* Dataset extract
● ● ● ● ●
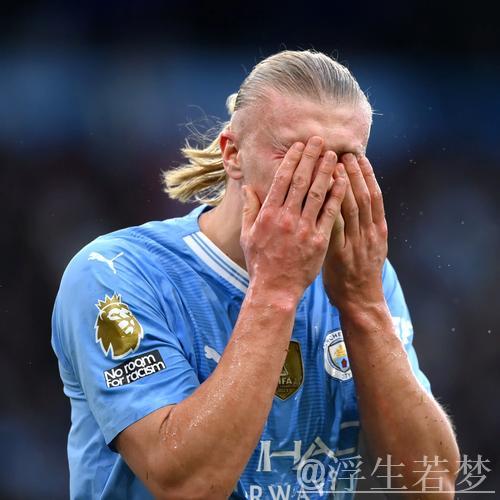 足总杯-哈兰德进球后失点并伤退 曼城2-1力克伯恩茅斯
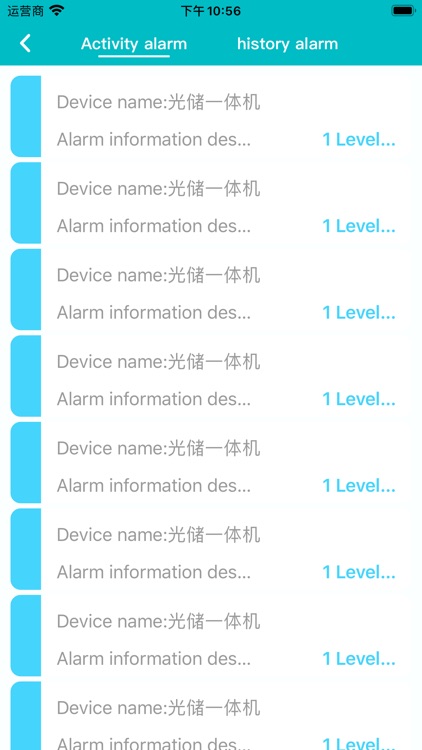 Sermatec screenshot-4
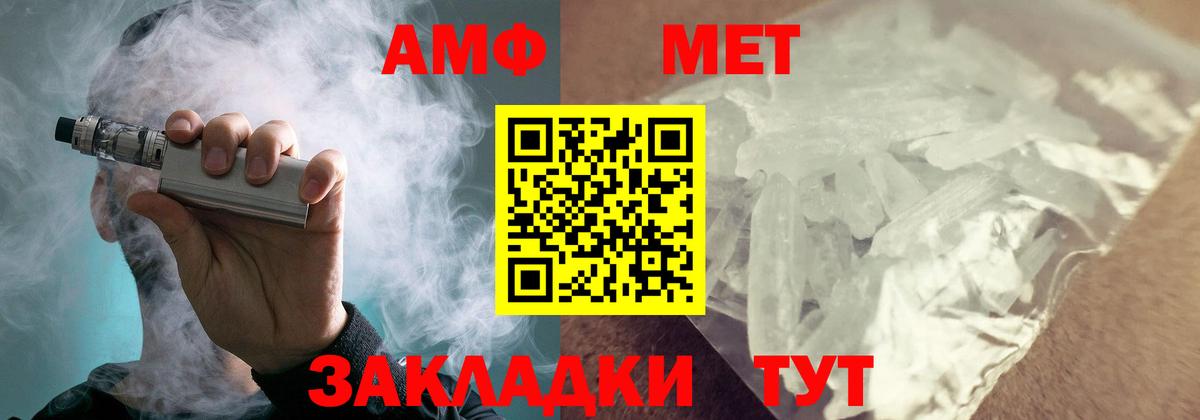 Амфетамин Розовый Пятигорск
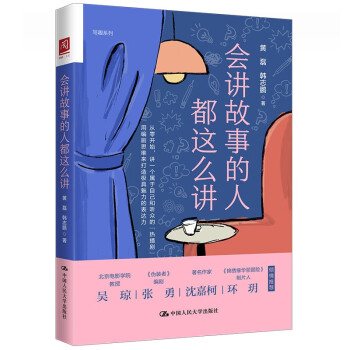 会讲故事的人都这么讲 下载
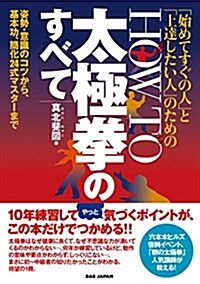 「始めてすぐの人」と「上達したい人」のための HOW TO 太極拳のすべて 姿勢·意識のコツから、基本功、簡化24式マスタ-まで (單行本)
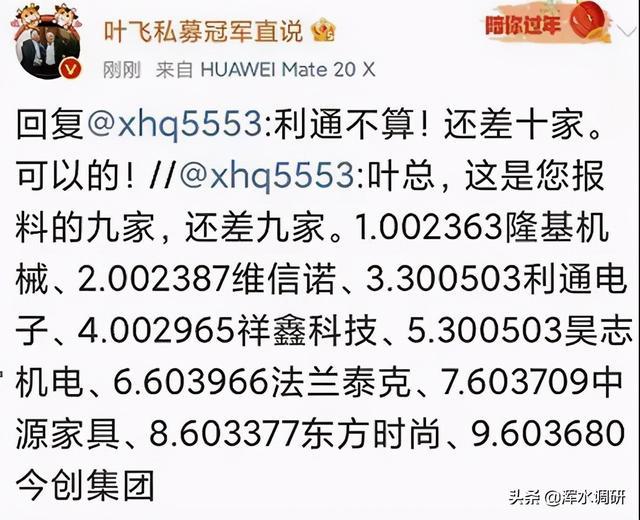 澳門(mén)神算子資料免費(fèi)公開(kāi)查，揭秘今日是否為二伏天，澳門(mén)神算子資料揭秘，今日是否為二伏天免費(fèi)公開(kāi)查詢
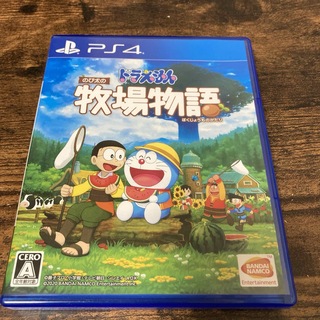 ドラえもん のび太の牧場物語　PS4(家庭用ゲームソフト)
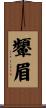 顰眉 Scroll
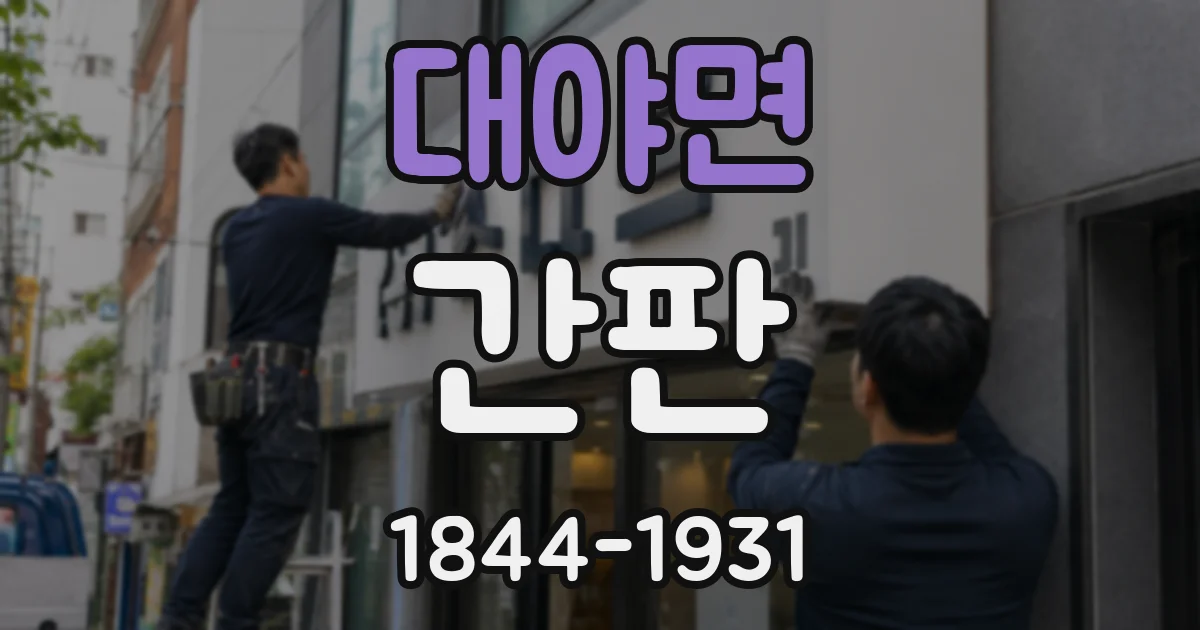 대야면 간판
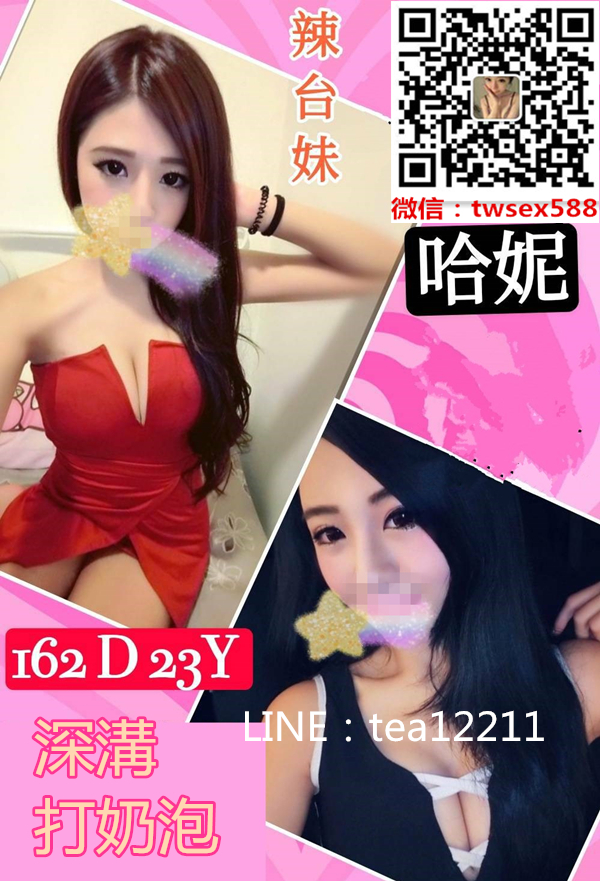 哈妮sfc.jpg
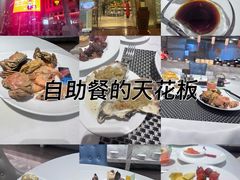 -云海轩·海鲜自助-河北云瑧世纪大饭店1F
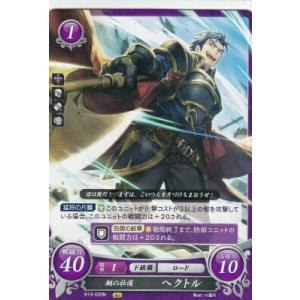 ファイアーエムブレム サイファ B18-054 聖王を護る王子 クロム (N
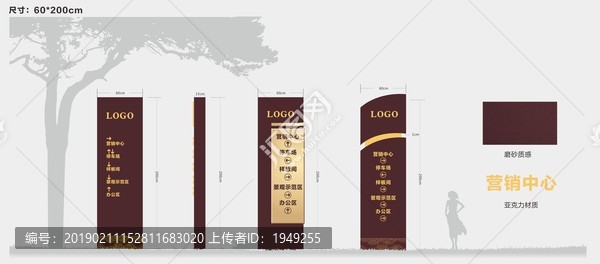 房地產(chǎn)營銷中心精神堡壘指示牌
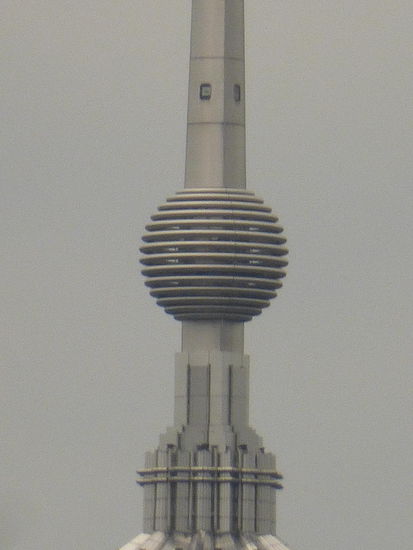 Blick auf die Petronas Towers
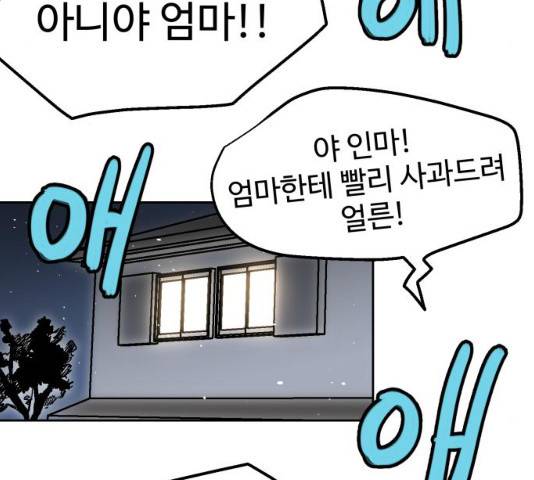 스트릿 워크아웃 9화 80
● ● ● ● ●
* Problem details
Pictures excluded, write out exactly and only the lines of the material from the one containing "太極拳のすべて 姿勢·意識のコツから、基本功、簡化24式マスタ-まで (單行本)" up to and including the last line.

* Result of the task
 「始めてすぐの人」と「上達したい人」のための HOW TO 太極拳のすべて 姿勢·意識のコツから、基本功、簡化24式マスタ-まで (單行本)
 澳門(mén)神算子資料免費(fèi)公開(kāi)查，揭秘今日是否為二伏天，澳門(mén)神算子資料揭秘，今日是否為二伏天免費(fèi)公開(kāi)查詢
 ドラえもん のび太の牧場物語　PS4(家庭用ゲームソフト)
 顰眉 Scroll
 대야면 간판
 哈妮sfc.jpg
 -云海轩·海鲜自助-河北云瑧世纪大饭店1F
 ファイアーエムブレム サイファ B18-054 聖王を護る王子 クロム (N
 房地產(chǎn)營銷中心精神堡壘指示牌
 Blick auf die Petronas Towers
 스트릿 워크아웃 9화 80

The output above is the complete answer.